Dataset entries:
+--

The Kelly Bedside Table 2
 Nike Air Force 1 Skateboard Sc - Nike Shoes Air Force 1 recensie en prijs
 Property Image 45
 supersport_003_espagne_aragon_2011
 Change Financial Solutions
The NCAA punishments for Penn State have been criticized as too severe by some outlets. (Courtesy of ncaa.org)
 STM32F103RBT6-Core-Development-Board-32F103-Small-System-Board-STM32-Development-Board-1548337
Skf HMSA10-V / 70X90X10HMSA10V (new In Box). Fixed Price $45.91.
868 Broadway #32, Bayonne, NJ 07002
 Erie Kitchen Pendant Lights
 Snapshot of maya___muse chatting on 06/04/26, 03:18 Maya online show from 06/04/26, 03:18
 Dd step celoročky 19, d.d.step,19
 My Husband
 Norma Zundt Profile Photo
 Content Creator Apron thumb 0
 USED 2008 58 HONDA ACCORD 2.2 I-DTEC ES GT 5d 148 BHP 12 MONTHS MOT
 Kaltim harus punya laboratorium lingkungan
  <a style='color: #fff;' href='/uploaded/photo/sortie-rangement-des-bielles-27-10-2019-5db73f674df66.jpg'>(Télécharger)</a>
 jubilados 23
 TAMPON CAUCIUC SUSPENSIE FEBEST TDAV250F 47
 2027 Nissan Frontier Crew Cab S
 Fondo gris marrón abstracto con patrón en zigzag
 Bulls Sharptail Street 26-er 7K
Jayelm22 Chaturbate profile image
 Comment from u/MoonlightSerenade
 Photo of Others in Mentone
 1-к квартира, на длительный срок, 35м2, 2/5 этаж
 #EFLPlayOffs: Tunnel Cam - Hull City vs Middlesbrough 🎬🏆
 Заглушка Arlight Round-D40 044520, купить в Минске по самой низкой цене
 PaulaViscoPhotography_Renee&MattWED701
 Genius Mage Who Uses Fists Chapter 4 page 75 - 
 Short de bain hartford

+--

• To do: Check each line above for the word "from" and copy every line that has it.

• Answer box:
 Snapshot of maya___muse chatting on 06/04/26, 03:18 Maya online show from 06/04/26, 03:18
 Comment from u/MoonlightSerenade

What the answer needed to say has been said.